Na początku tygodnia MSZ informowało, że w najbliższym czasie poseł PiS Arkadiusz Mularczyk zostanie powołany na stanowisko wiceministra spraw zagranicznych.

Ustanowienia pełnomocnika rządu do spraw odszkodowań od Niemiec zakłada projekt rozporządzenia Rady Ministrów, zamieszczony na stronie internetowej rządu.

"W związku z przekazaniem rządowi Republiki Federalnej Niemiec oczekiwań strony polskiej związanych z uzyskaniem odszkodowań za szkody wyrządzone agresją i okupacją niemiecką w latach 1939-1945 sformułowanych w nocie z dnia 3.10.2022 roku niezbędne jest wyeksponowanie kluczowej roli dążeń do uzyskania należnych od strony niemieckiej odszkodowań w polityce RP wobec Niemiec i zapewnienie spójności działań politycznych w zakresie relacji dwustronnych z Niemcami i polityki informacyjnej Rządu, a także koordynacja działań podejmowanych we wskazanym zakresie przez inne organy administracji rządowej, organy jednostek samorządu terytorialnego, organizacje pozarządowe i inne podmioty zaangażowane w uzyskanie od Republiki Federalnej Niemiec odszkodowań" - podkreślono w projekcie.

Wskazano w nim, że powołanie pełnomocnika "pozwoli na koordynowanie działań MSZ i innych agend rządowych w zakresie działań prowadzących do uzyskania należnych rekompensat od strony niemieckiej przy wykorzystaniu narzędzi już istniejących w strukturach MSZ i innych agend rządowych". Obsługę urzędniczą pełnomocnika ma zapewnić MSZ; szef resortu dyplomacji jest wskazany jako osoba odpowiedzialna za opracowanie projektu.

Planowany termin przyjęcia projektu przez Radę Ministrów to IV kwartał 2022 r.

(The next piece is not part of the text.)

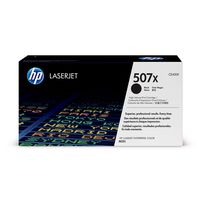 HP 507X | CE400X | Toner Cartridge | Black | High Yield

1 września zaprezentowano raport o stratach poniesionych przez Polskę w wyniku agresji i okupacji niemieckiej w czasie II wojny światowej, z którego wynika, że ogólna kwota strat to ponad 6 bilionów 220 miliardów zł 609 mln zł. Raport przygotował działający w poprzedniej kadencji parlamentu zespół, którym kierował poseł PiS Arkadiusz Mularczyk.

Na początku października minister spraw zagranicznych Zbigniew Rau podpisał notę dyplomatyczną ws. reparacji wojennych skierowaną do strony niemieckiej.

Wiceszef MSZ Piotr Wawrzyk wyjaśnił później, że nota skierowana do rządu niemieckiego jest wykonaniem uchwały Sejmu, więc użyte w niej sformułowania "odpowiadają tym, które są użyte w uchwale Sejmu". Jak przypomniał, w pierwotnym projekcie sejmowej uchwały słowo reparacje było, natomiast w przyjętej uchwale go nie ma.

Szefowa MSZ Niemiec Annalena Baerbock, odnosząc się do wystosowanej przez Polskę noty oświadczyła podczas ostatniej wizyty w Warszawie, że "kwestia reparacji z punktu widzenia rządu federalnego jest kwestią zamkniętą".